DH Lapierre sounds intresting.

yeah, passion beats reason...a DH rig would be sweet, esp on those van lifted rides


----------



## 006_007 (Jan 12, 2004)

I know several people that have done the Test of Metal (67 km course with over 1200m of climbing and 35K singletrack) on their Knolly V-tachs. One of the guys even finished 3rd in his age group. Another in the group ran his V-tach with a monster t on the front.

http://testofmetal.com/pages/race-details.php


----------



## TrailNut (Apr 6, 2004)

08nwsula said:


> the only bike I can think of that would support everything you want it to do would have an engine in it.


funny you say that, 'cause I pegged my mt. bike budgets on how much I did not have to spend on a motorcycle that I wanted. I've got a limited budget of time and funds...i'd rather pedal then twist.

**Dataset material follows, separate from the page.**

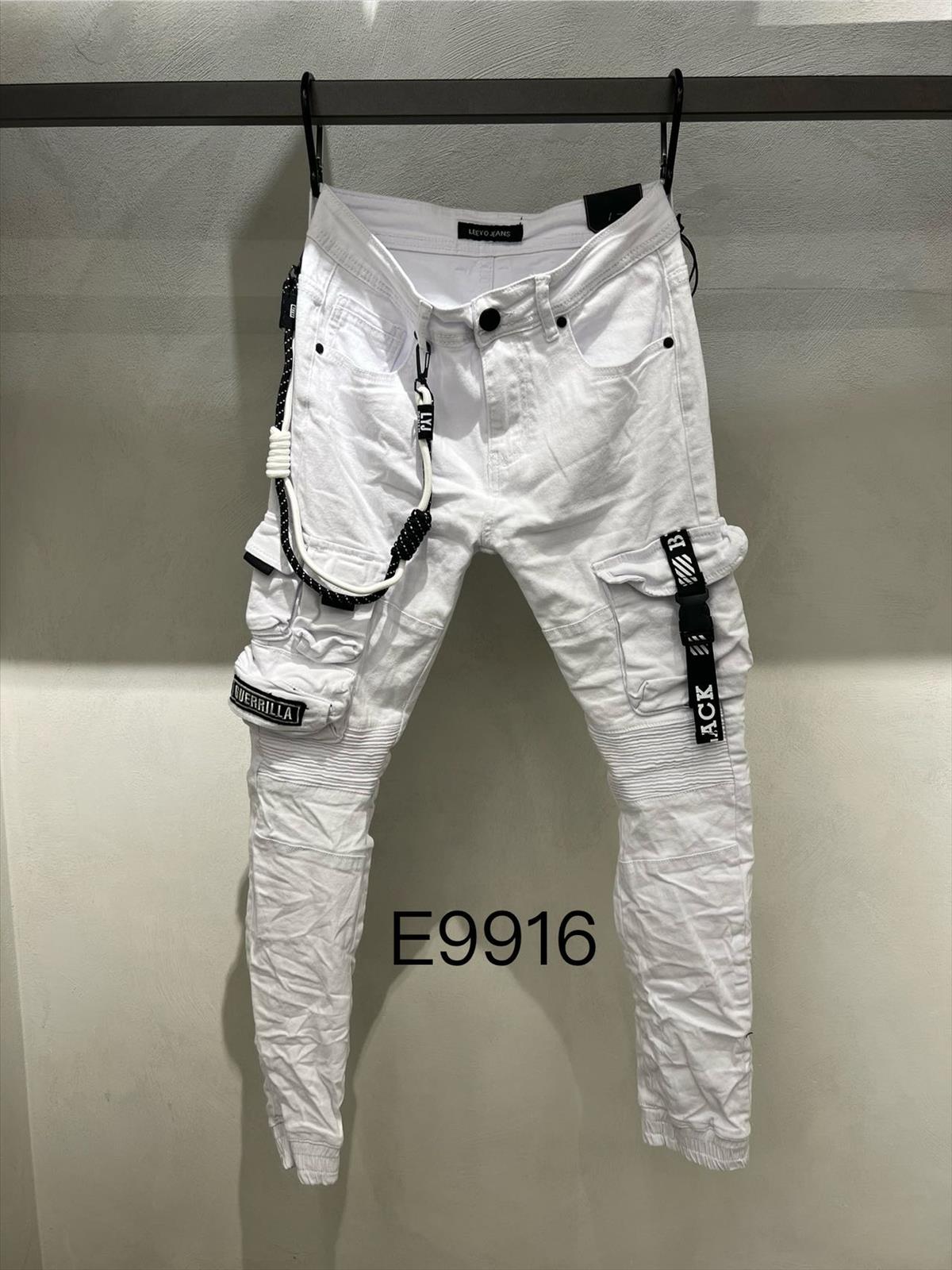 K&M Jeans GmbH - Damen & Herren Fashion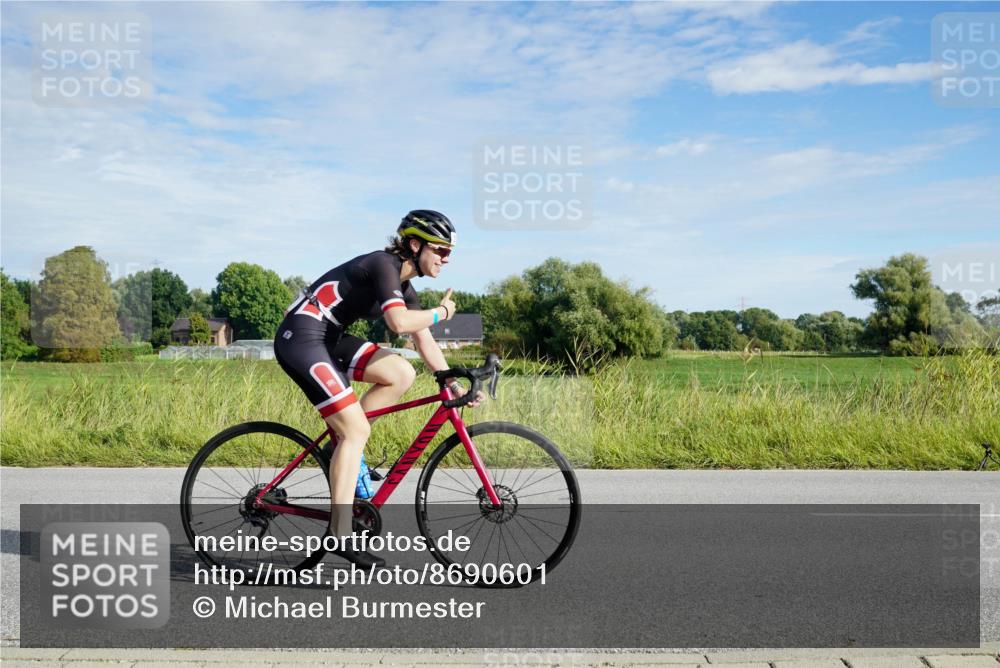 31.08.2025 - Elbe Triathlon Hamburg Michael Burmester http://msf.ph/oto/8690601 31.08.2025 09:42:25 Radfahren 248, 299, 598 meine-sportfotos.de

having only one mt. bike sounds just aweful ...and sublime


----------



## Kevin G (Feb 19, 2007)

I pedal around Annadel on my Judge. But I like having the option of taking the big bike out or the smaller 5" travel bike; especially off season around Marin/Sonoma counties.


----------



## all-yeti! (Aug 21, 2007)

If you are looking at the yeti 575 I would skip that and go to the asx, I can pedal and climb pretty well on mine and it is great when you head down hill. If you got serious about dh you could get a longer travel dual crown fork and switch between the single and dual crown forks... but like mkrobert real men do ride em' everywhere! have fun...!


----------



## blender (Oct 28, 2005)

i saw a dude pedaling a Stab with an 888 on a local XC loop

he did not look happy


----------



## Djponee (Dec 20, 2006)

^^^hahaha, ya i would go with the stinky


----------



## Uncle Cliffy (Jul 7, 2006)

About 6 years ago I did all my riding on a 2001 Rocky RM7 fully decked out with a Shiver, 24 inch rear wheel with dual Sun Doublewide rims and Gazzi tires. It only weighed 48 LBS!!!  

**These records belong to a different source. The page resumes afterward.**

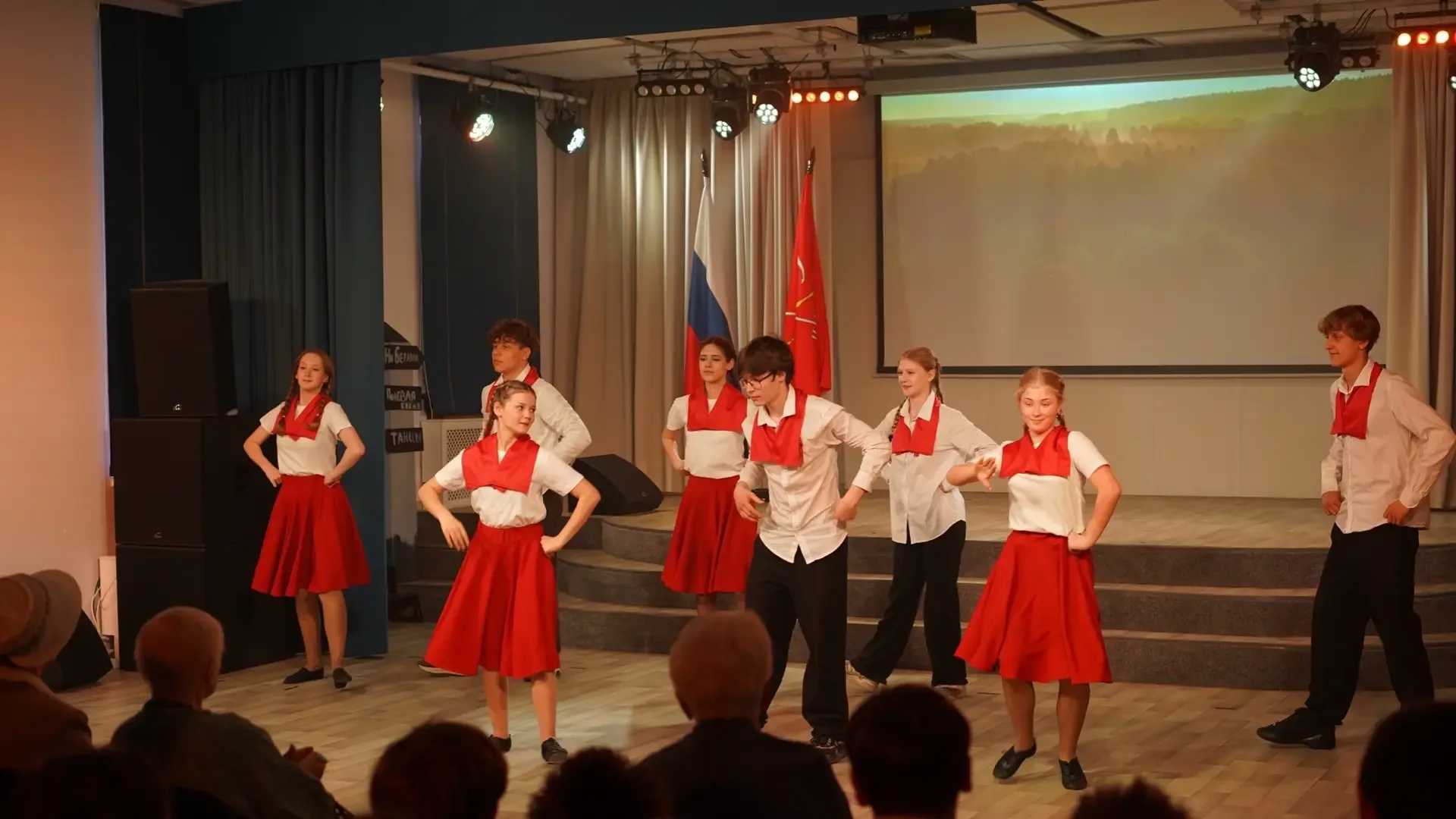 🌟 Праздничный концерт ко Дню Победы 🌟  Вчера в нашей школе прошёл особенный концерт, посвящённый 9 М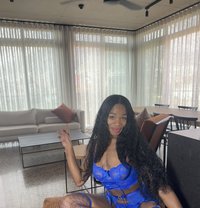 Versatile Ebony - Acompañantes transexual in Cape Town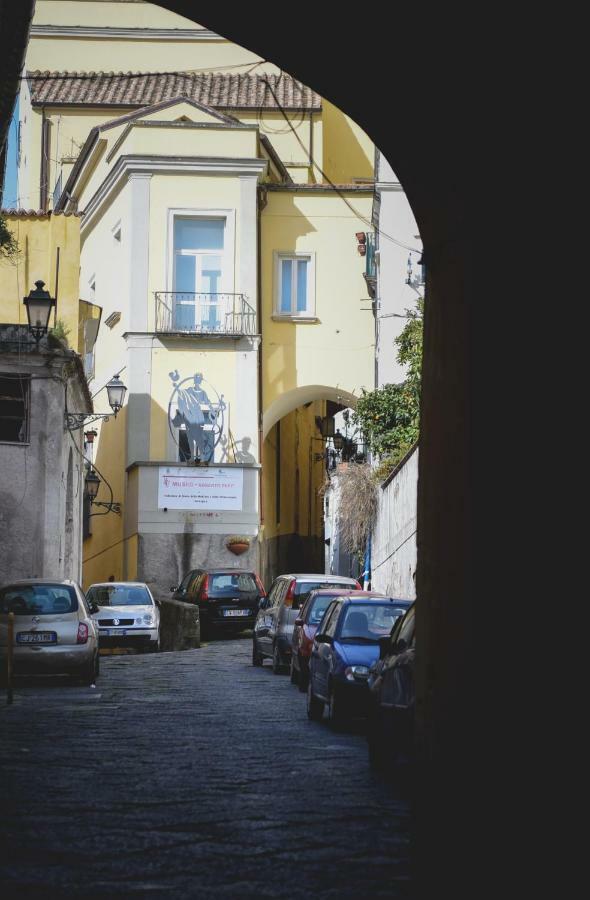 Elegant B&B - Il Vicolo Storico Salerno Zewnętrze zdjęcie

That was my only bike though, and seeing how you have a good quiver going, get the DH bike and ride it as much as you want. You'll get used to taking it to certain places and avoiding others.


----------



## CountryBoy (Oct 24, 2006)

I use my Demo 7 for everything including Dirt jumping. It is a little harder to climb but you can always walk.


----------



## bmxconvert (May 17, 2006)

I'd say go for a Foes Fly, perhaps even wait for the '08 2:1 Fly as apparently a couple have been built to 36lbs with a Fox 40 up front. The reason I suggest the fly is that it does everything so well. 
I recently borrowed a friends Fly that weighs in at 44lbs to try on the trails, I loved it. The downhills, obviously were amazing and with the floating brake arm there was no brake jack, and the uphills, despite being a heavy frame, climbed very well. Better than my Session 77 which was 6lbs lighter, and had lower gearing. The bike pedals much better than my M3 as well. 
With the Fly you can choose 8 or 9" of travel, and run a 7" single crown or 8" dual crown fork, depending on what you want to ride. 2 of my friends race with their Fly's set up with 40's and are loving them.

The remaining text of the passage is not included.